*Goal of the exercise:* Retype each record exactly; no pictures.

(Web page caption snippets)
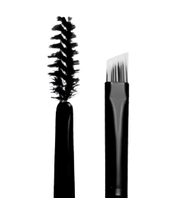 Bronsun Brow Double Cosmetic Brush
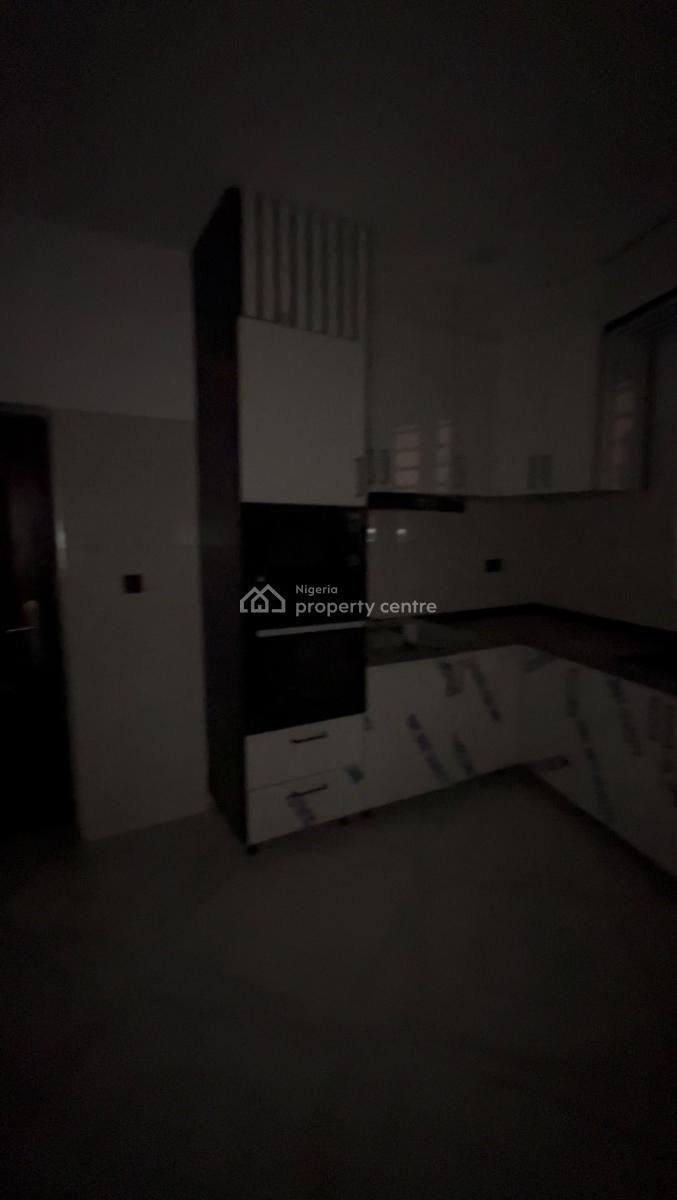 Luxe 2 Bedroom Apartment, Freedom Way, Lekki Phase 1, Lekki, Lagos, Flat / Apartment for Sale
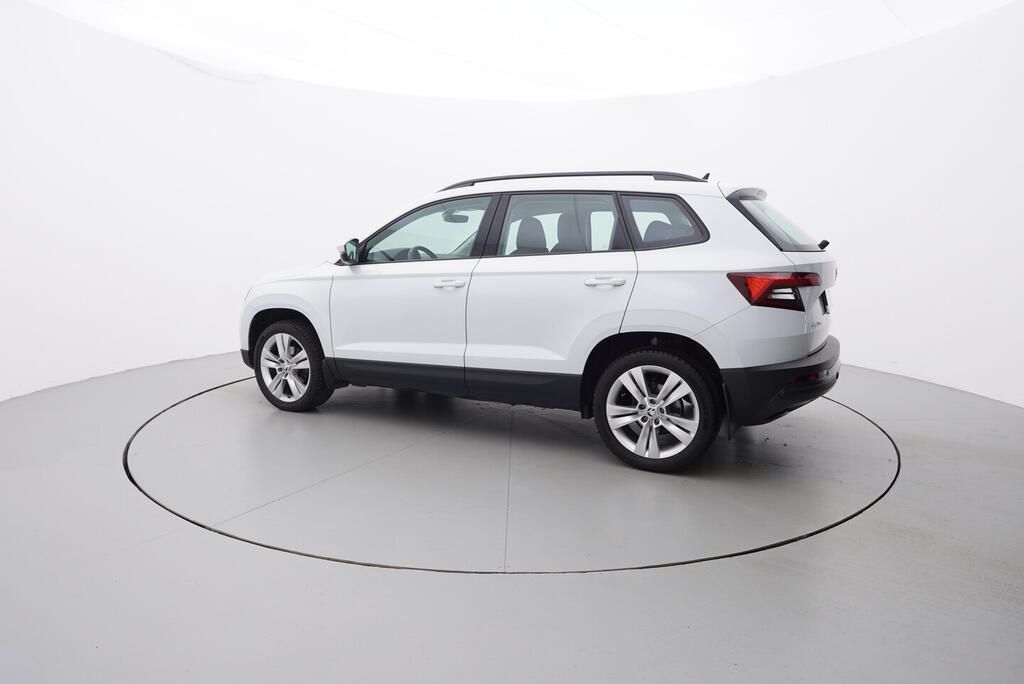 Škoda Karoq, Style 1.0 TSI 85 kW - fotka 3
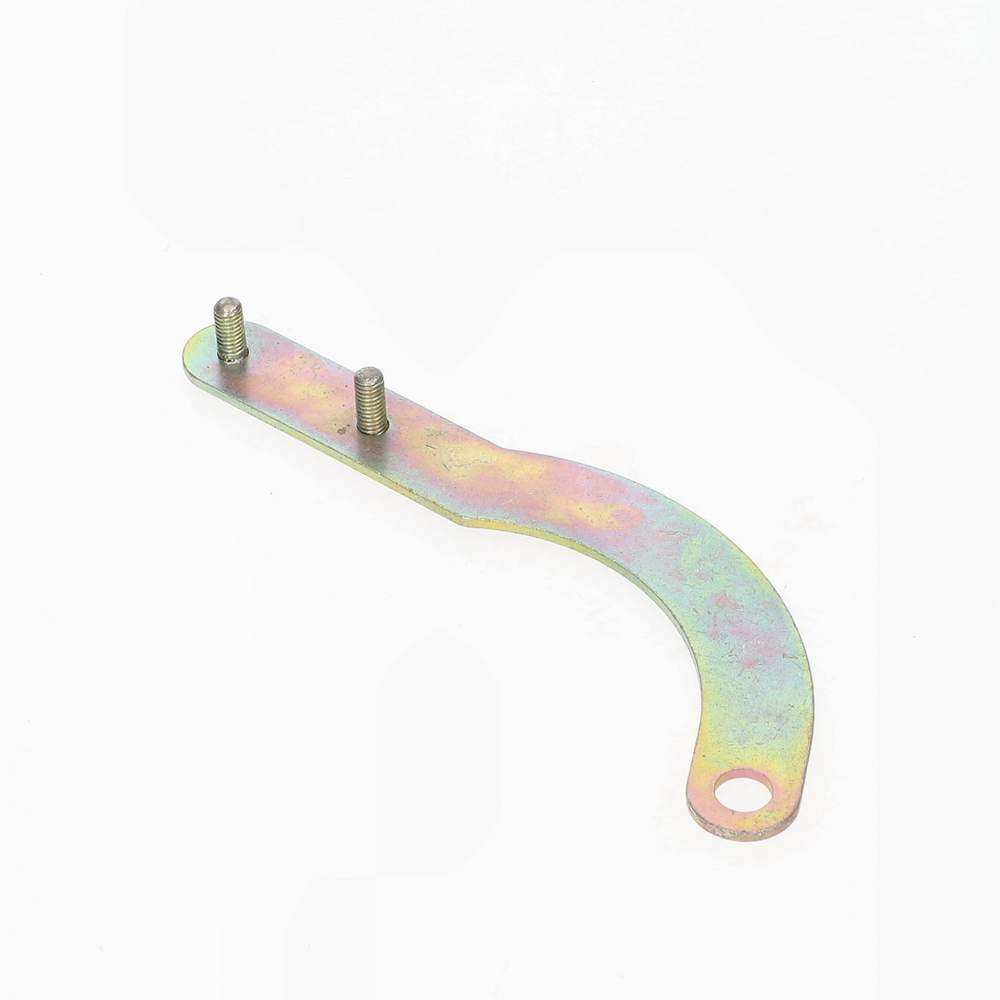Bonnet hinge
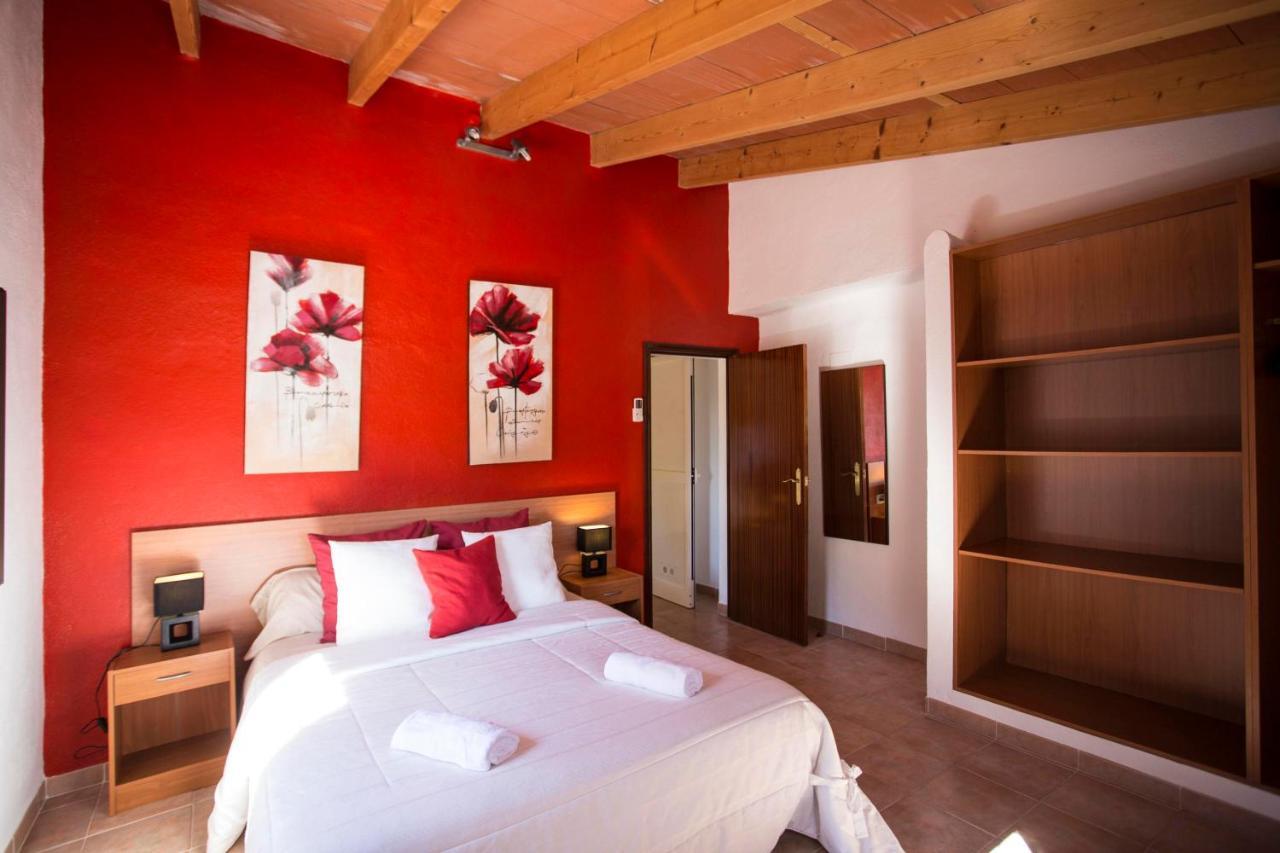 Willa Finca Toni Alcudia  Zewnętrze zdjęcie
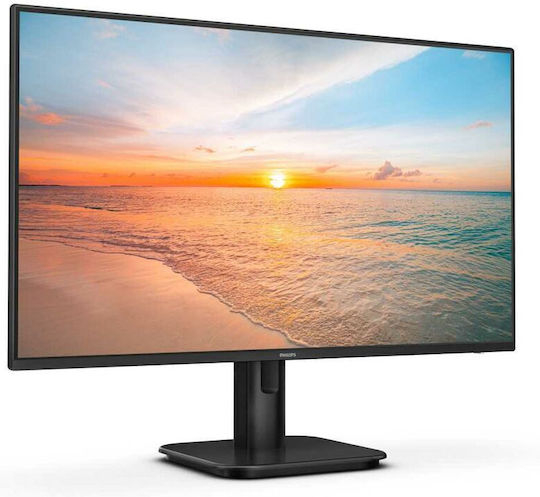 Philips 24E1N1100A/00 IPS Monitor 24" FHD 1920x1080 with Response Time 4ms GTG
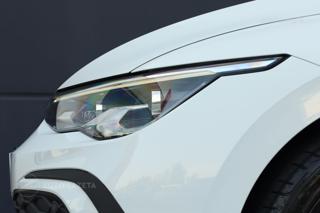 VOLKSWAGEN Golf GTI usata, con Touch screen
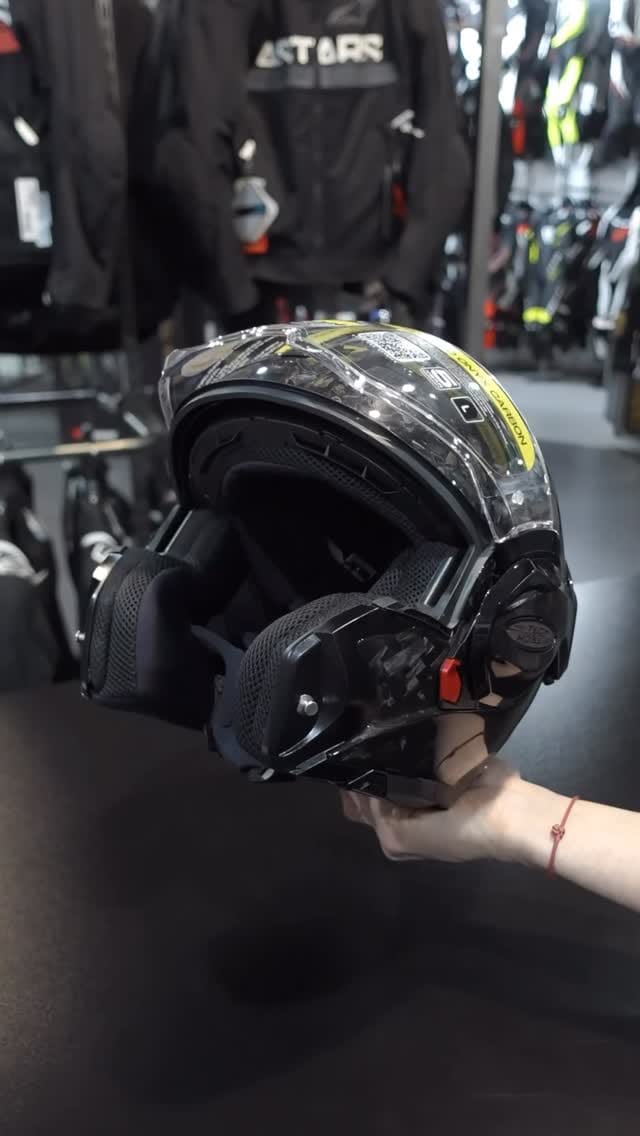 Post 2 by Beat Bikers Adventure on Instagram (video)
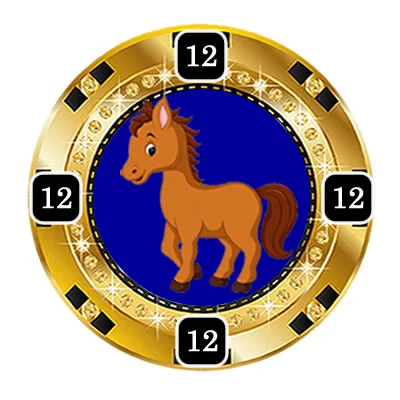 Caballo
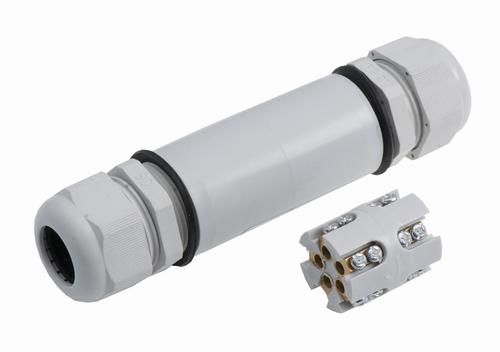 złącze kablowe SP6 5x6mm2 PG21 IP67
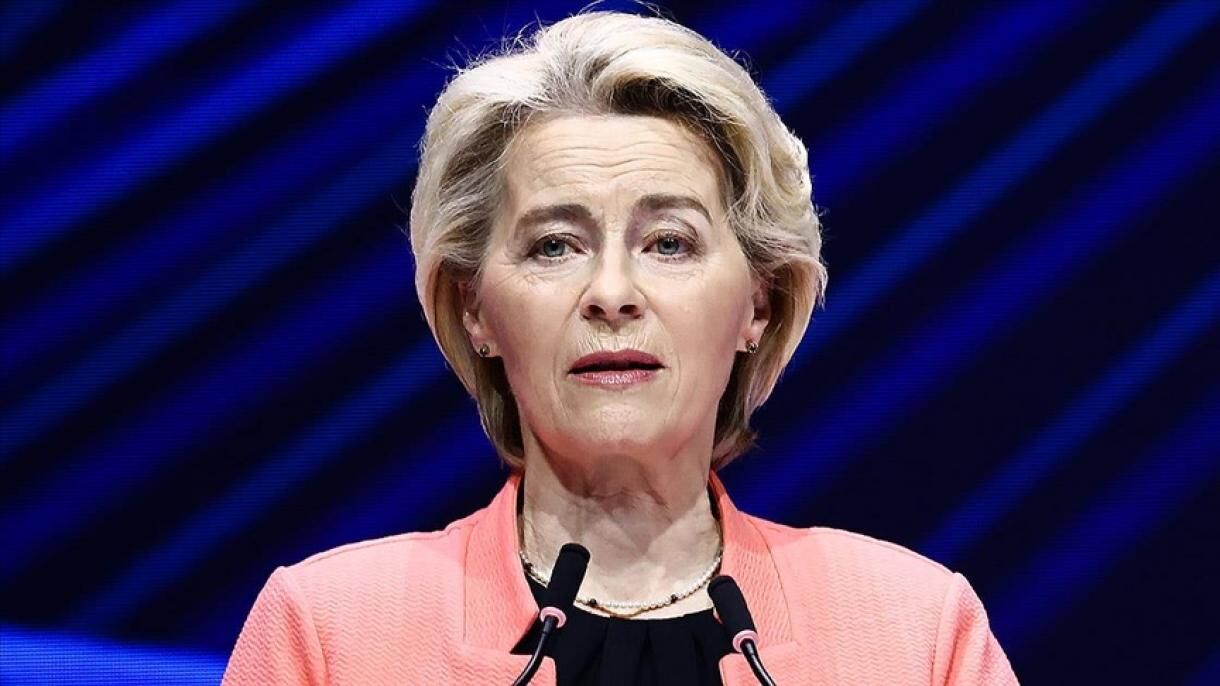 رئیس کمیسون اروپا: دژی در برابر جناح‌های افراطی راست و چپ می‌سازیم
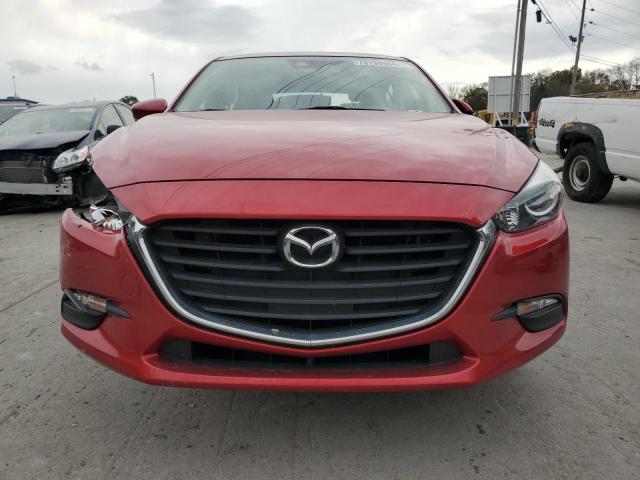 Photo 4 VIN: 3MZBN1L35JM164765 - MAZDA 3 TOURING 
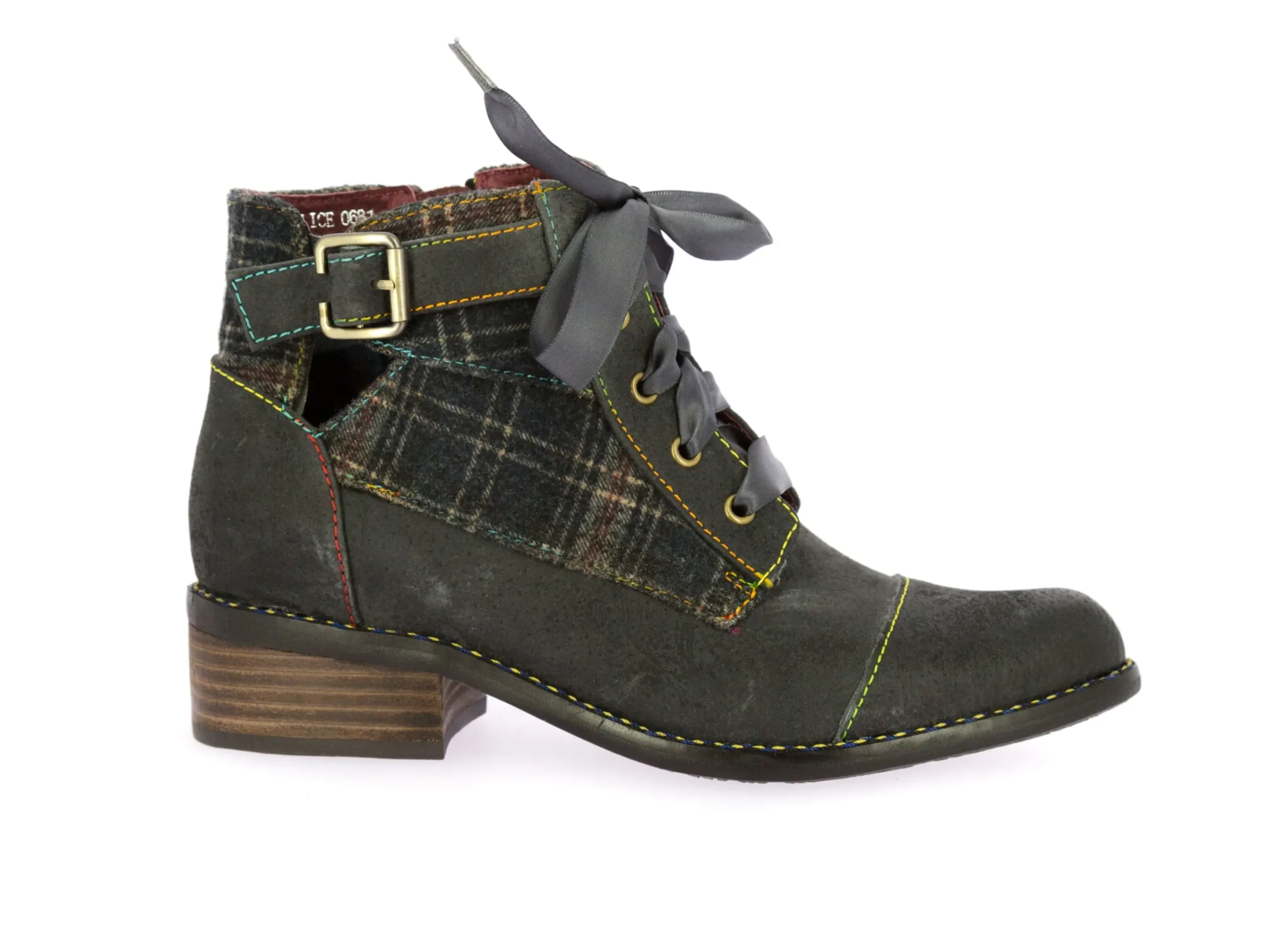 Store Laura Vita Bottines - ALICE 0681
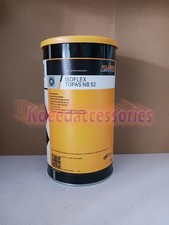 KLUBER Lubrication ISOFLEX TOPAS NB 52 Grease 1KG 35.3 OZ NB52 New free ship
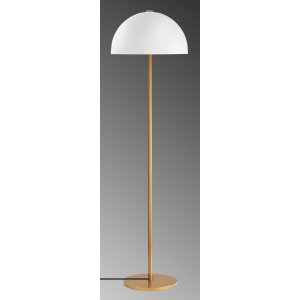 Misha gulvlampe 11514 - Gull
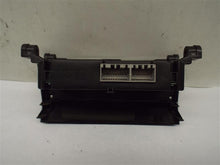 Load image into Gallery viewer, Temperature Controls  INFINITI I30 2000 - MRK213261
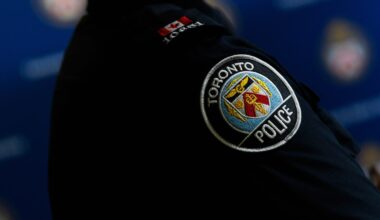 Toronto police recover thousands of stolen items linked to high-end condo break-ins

*Output below:*
 Bronsun Brow Double Cosmetic Brush
 Luxe 2 Bedroom Apartment, Freedom Way, Lekki Phase 1, Lekki, Lagos, Flat / Apartment for Sale
 Škoda Karoq, Style 1.0 TSI 85 kW - fotka 3
Bonnet hinge
 Willa Finca Toni Alcudia  Zewnętrze zdjęcie
 Philips 24E1N1100A/00 IPS Monitor 24" FHD 1920x1080 with Response Time 4ms GTG
 VOLKSWAGEN Golf GTI usata, con Touch screen
 Post 2 by Beat Bikers Adventure on Instagram (video)
 Caballo
 złącze kablowe SP6 5x6mm2 PG21 IP67
 رئیس کمیسون اروپا: دژی در برابر جناح‌های افراطی راست و چپ می‌سازیم
 Photo 4 VIN: 3MZBN1L35JM164765 - MAZDA 3 TOURING 
 Store Laura Vita Bottines - ALICE 0681
 KLUBER Lubrication ISOFLEX TOPAS NB 52 Grease 1KG 35.3 OZ NB52 New free ship
 Misha gulvlampe 11514 - Gull
 Load image into Gallery viewer, Temperature Controls  INFINITI I30 2000 - MRK213261
 Toronto police recover thousands of stolen items linked to high-end condo break-ins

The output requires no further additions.